Every year New England gets a few articles about how something is slowly ruining our foliage, and if we aren't careful all that tourism money is going to go away. Usually, it has something to do with climate change. One of this year's entries is from Public Radio International 'Leaf peeping' is huge in New England. Will climate change alter tourism? There is first the rule of questions in headlines: If there is a question in a headline, the answer is "No, but we want you to think it might be yes." Headline questions are seldom honest.
First, there is a professor. The professor talks about chlorophyll, so you know this is going to be first rate science, right? The professor assures us that climate change - by which he seems to mean warming - has already altered the peak foliage schedule. It may have shortened it, and it may be later. Or it may have lengthened it. Nothing precise is offered, no links are embedded, but the professor's chitchat seems to be that foliage season is one, or even maybe two weeks later. Even if true, there isn't any discussion about why that would be a bad thing.

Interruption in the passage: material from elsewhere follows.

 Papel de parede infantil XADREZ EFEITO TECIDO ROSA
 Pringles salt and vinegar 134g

Then a lot of New England tourist dependent people are interviewed and they all say that they aren't seeing any problem, but they are worried that there's going to be a problem, and they aren't happy about that, because their business depends on no problems. Then we are told that there is a digital cam network and a Phenocam network that are gathering very precise data on this, so we can know exactly how things are changing. I'm thinking these efforts are pretty recent, and can't tell us much yet. The Polly's Pancake Parlor data tells us that the leaves are starting to change earlier, but tourists are coming later. This uh, contrasts somewhat with the idea above that the season is shorter. I do see a way around it. Early cold snaps might create a quicker, more intense peak viewing season. If that's so, it would be nice if someone had mentioned it.

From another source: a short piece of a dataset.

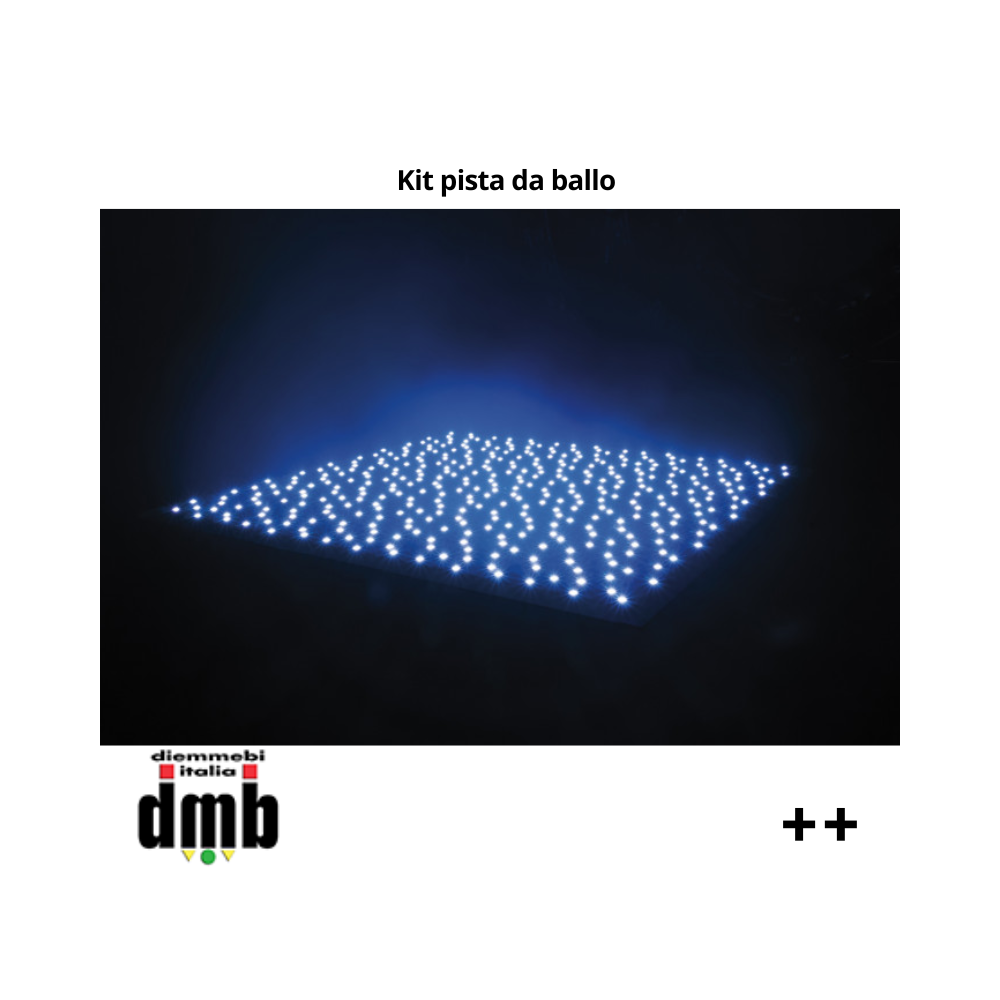 Kit pista da ballo 4,20 x 4,20 a LED cambiacolori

I will state again that I believe some warming has occurred, slowly over the last 150-200 years, and more quickly in the last few decades, though it seems to have leveled off at a high point. Any time there is a change, there is a risk of local effects. More than a risk, actually - a certainty. If it gets a little colder, there will be local effects, sometimes bad ones, even if the overall picture is unchanged or even positive. If it gets drier or wetter in general, there will be local effects. If the earth is slightly warmer, there will be local effects somewhere, even if a warmer planet is a general positive. The local effects are more likely to be bad than good, because if you build houses and plant crops and locate towns according to current conditions, any changes is likely to be moving away from that optimal setup. Adaptation might be easy, might be difficult.
The cost is likely to be higher if the local effect takes place in a built-up area. This is why measuring hurricanes in terms of dollars of damage can be misleading. A mild hurricane hitting a city and suburbs is going to ruin more dollar value that a stronger hurricane that takes out Caribbean villages.
I'm not seeing what the negative effect of warming is in this article. Lots of science-y sounding things with little actual science. It matters because the takeaway of most readers is that there is some possible disaster that could take us by surprise and ruin everything, but the evidence for said disasters is slight.